Im Druckzusammenhang bzw. für andere Medien mit festen linearen Dimensionen bezieht sich Auflösung auf die lineare Pixeldichte, d. h. die Anzahl der Pixel oder Punkte in einem bestimmten Bereich, die durch Begriffe wie ppi (Pixel pro Zoll) und dpi (Punkte pro Zoll) ausgedrückt wird.

Im Zusammenhang mit Videos, Filmen und Computergrafiken sind die linearen Maße der Bilder variabel. Deshalb ist es nicht sinnvoll, sich hier auf die Pixelanzahl pro Zoll oder sonstige lineare Maße zu beziehen. Bedenken Sie beispielsweise, dass derselbe Film mit 640 x 480 auf der winzigen Anzeige eines mobilen Gerätes, dem Monitor eines Desktop-Computers oder einer riesigen Leuchtanzeige abgespielt werden kann. Die Anzahl der Pixel pro Zoll ist für jede dieser Präsentationsgeräte unterschiedlich, obwohl die Pixelanzahl gleich sein kann.

In diesem Zusammenhang bezieht sich der Begriff Auflösung auf eine relative Menge, nämlich auf das Verhältnis der Anzahl der gerenderten Pixel zur Anzahl der Pixel im Quellbild. Für jede Ansicht gibt es zwei solche Verhältnisse, eines für die horizontale und eines für die vertikale Dimension.
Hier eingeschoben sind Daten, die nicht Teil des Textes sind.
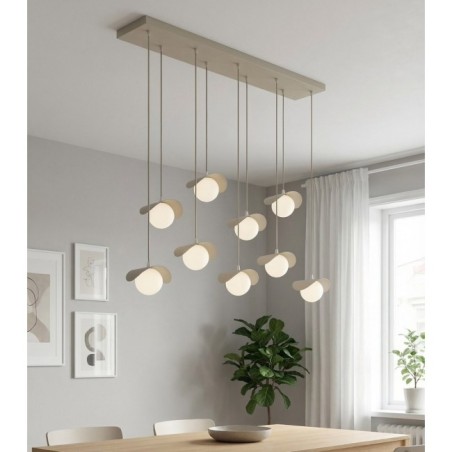 Suspension Nera Moca (9 lumières)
Jede Komposition verfügt über ihre eigene Einstellung für die Auflösung, die sich auf die Bildqualität der Komposition beim Rendern einer Vorschau und der endgültigen Ausgabe auswirkt. Die Renderzeit und der Speicherbedarf für jeden Frame sind in etwa proportional zur Anzahl der gerenderten Pixel.
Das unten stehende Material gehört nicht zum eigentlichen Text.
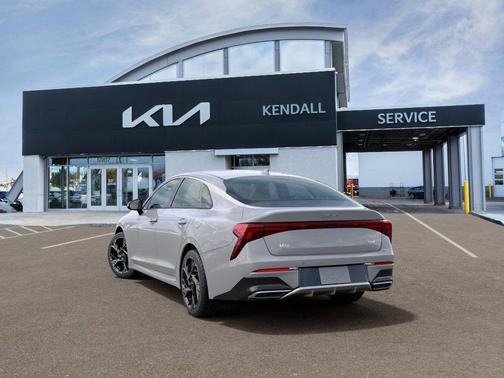Wolf Gray 2026 Kia K5 GT-Line AWD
Wenn Sie eine Komposition zur endgültigen Ausgabe rendern, können Sie die aktuellen Auflösungseinstellungen der Komposition verwenden oder im Dialogfeld „Rendereinstellungen“ einen Auflösungswert angeben, der die Kompositionseinstellungen außer Kraft setzt. (Siehe Rendereinstellungen.)

Im Dialogfeld „Kompositionseinstellungen“ („Komposition“ > „Kompositionseinstellungen“) oder im Menü „Auflösung/Verkleinerungsfaktor“ am unteren Rand des Kompositionsfensters können Sie folgende Auflösungseinstellungen wählen:

Automatisch
(nur für eine Vorschau verfügbar) Passt die Auflösung der Ansicht im Kompositionsfenster so an, dass nur die Pixel gerendert werden, die für die Vorschau der Komposition zur aktuellen Zoomstufe erforderlich sind. Wenn die Ansicht beispielsweise auf 25 % ausgezoomt ist, wird die Auflösung automatisch auf einen Wert von 1/4 – als „Viertel“ angezeigt – angepasst, so als hätten Sie manuell die Option „Viertel“ ausgewählt. Wenn ein Fenster mehrere Ansichten enthält, wird die Auflösung an die Ansicht mit der höchsten Zoomstufe angepasst. Mit dieser Einstellung erhalten Sie die beste Bildqualität und vermeiden zugleich, dass für die aktuelle Zoomstufe nicht erforderliche Pixel gerendert werden.
Hinweis: Die Einstellung „Automatisch“ wird für Kompositionen ignoriert, für die die erweiterte Kompositionseinstellung „Auflösung bei Verschachtelung erhalten“ ausgewählt ist.

Voll
Jedes Pixel in einer Komposition wird gerendert. Bei dieser Einstellung erzielen Sie zwar die beste Bildqualität, aber das Rendern dauert relativ lange.

Halb
Es wird ein Viertel der Pixel im voll aufgelösten Bild gerendert: die Hälfte der Spalten und die Hälfte der Zeilen.

Drittel
Es wird ein Neuntel der Pixel im voll aufgelösten Bild gerendert.

Viertel
Es wird ein Sechzehntel der Pixel im voll aufgelösten Bild gerendert.

Andere
Rendert das Bild zu der von Ihnen angegebenen horizontalen und vertikalen Auflösung.